Noshir Contractor: How does one bring a more concerted way of addressing all of these injustices?

Safiya Noble: We need the structural changes, we need different laws, we need different policies. The law, it’s not the only thing. But it certainly is very important. What I worry about with predictive analytics is that so much information is collected on people that then is used to determine whether they will have an opportunity, but also to foreclose opportunities. And of course, you know, we have to think about each of us. Imagine our worst moments of our lives. And I think, what if that moment is the snapshot in time, collected about me and that determines, it’s a no-go for Safiya Noble, right? And of course, it also forecloses any possibility of redemption, of forgiveness, of empathy, of learning, of change. And I think we don’t want to live in a society without those qualities. And predictive analytics really forecloses the opportunity for being known, for changing, and for having a high quality of life. Cathy O’Neil says in her book, Weapons of Math Destruction, she says, predictive analytics make things much better for people who are already doing great, and much worse for people who are already not doing well. And I think we want to take that heed seriously.

Noshir Contractor: Technology has had a history of widening the knowledge gap and the information gap in society. And so this is a natural progression of what has preceded it. One of the things you have also discussed as a way of addressing some of the issues you just talked about was proposing an awareness campaign and digital amnesty legislation to combat the harms perpetuated by algorithmic bias. 

Safiya Noble: When I was a graduate student, I was thinking about what happens when you are ensnared in a search engine, for example, and you can’t fight your way out of it, right, your name is destroyed. And of course, we have legislation in the EU like the right to be forgotten, that helps address this, right. We don’t have this yet in the United States. Every engagement we have on the web is bought, sold, traded by 1000s of companies. So how do we withdraw? How do we pull ourselves out of these systems? How do we create amnesty out of these situations? I’ve been trying to talk to lawmakers in California about what would it mean when we do pass our own kind of localized versions of GDPR? I love this article written by Jean-François Blanchette and his collaborators about the social value of forgetting, like why we seal juvenile records, so that those mistakes don’t follow you into the future. So how do we grapple with that now in this global web? Could we imagine and reimagine the way in which we appear? I once heard the director of the FBI, and he was at a conference, and he said, “As far as the government is concerned, who you are is your digital profile.” Can you imagine? I mean, people like us who study the worst parts of the web, who are on the internet looking at terrible things all the time. All the things we’re doing on the internet, nothing could be further from the truth about who I am as a person. 

Noshir Contractor: That’s a really important point, because we celebrate the fact that now we can store and put into memory everything. But you’re pointing out the perverse aspects of keeping that memory always available to everyone. And you worked with engineers, executives, artists, and policymakers to think through these broader ramifications of how technology is built, how does it get deployed, and how most importantly, does it get used in unfair ways?

Safiya Noble: I think one of the most impactful organizations that I’ve been able to be a part of and on the board of is the Cyber Civil Rights Initiative, which is really the organization that has helped develop and pass all of the non-consensual pornography or revenge porn laws that we have in the United States.

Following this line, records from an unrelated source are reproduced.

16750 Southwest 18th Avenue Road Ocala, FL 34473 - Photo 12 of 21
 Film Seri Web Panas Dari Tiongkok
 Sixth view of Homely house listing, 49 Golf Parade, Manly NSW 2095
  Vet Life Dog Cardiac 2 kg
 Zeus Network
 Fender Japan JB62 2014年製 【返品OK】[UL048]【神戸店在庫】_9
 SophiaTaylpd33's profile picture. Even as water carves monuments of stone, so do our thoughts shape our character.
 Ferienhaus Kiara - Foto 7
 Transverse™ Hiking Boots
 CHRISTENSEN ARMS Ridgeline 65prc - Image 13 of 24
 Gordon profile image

I think that’s a place that actively engages with trust and safety staff in large tech companies to try and help them understand truly the cost of their algorithmic distortions of people, many times young women. I have many relationships into Silicon Valley. The benefit of having had my whole first career in corporate America for 15 years before being an academic is I really understand, when you work in a large global company, you’re one person like sometimes on the Titanic, and it’s going down, and you can’t actually stop it yourself. You know, you’re trying to figure out how to leverage and work across all kinds of teams and all kinds of people. I don’t only stay in academic and, kind of, activist spaces, or community spaces, I also go into these corporate spaces, and I try to talk about the work and give them the examples and challenge them to think differently. And I do think that now, if I look out at engineering programs, you see slowly schools changing, and that means that that’s because industry is also saying, maybe we need people who have some background and experience in social sciences and humanities, too.

Noshir Contractor: But you are saying that in general, you find many of them to be receptive to these ideas and willing to be educated about these issues?

Safiya Noble: Absolutely. I think there are a lot of people who do not want to look back and feel that they are on the wrong side of history, that they didn’t ask tough enough questions, that they took for granted the wrong assumptions. I can tell you in the classroom, for sure, as I train engineering and computer science students who take my classes, 10 years ago, they were hostile to the idea that their work had any political value. And now, traditionally aged undergraduates are completely clear when they enter the field, and they’re here to change it.

Noshir Contractor:  So in addition to the work you do with corporate America, as well as activism, you’ve also rubbed shoulders with celebrities. Meghan Markle has cited Algorithms of Oppression as key to understanding the online vitriol that was spewed about her. 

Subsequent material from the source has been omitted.